The name is Lee, Bruce Lee, and this was the last of his leading-role features for me to catch up on. I hadn't realised just how much Brad Pitt ripped off his persona in Fight Club and similarly how literally Tarantino lifted much of this for Kill Bill.
The plot is a train wreck. Notionally Bruce and other martial artists are drawn to an island off the coast of Hong Kong for a tournament. Everyone has their reasons for being there, told in dissolved flashback, but the premise doesn't survive Bond-adjacency. John Saxon co-leads as a suave Sean Connery-esque American gambler with debts and scruples who happens to know Jim Kelly from the American activities in Việt Nam from six years prior. Kelly gets all the ladies because Bruce is too busy taking care of business as instructed by his Shaolin-descended master.
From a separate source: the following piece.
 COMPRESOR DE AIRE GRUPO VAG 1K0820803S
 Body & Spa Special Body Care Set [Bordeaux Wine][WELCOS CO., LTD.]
The climax is unsatisfying perhaps because it is unclear master villain Kien Shih can take it to Lee; there's a lot of in-close shots and choppy editing in all the fight scenes. What's with the missing hand? — things got pure Wolverine at the end. The Brits turn up too late to do anything useful. I had to wonder who'd be dumb enough to be a stunt man in a Bruce Lee flick in 1973. There's some great cinematography especially of Hong Kong harbour; it's a bit of a time capsule like Melville's take on roughly contemporaneous Paris.
Everything is at Wikipedia. An early blaxploitation! Once again Jackie Chan is apparently in there somewhere.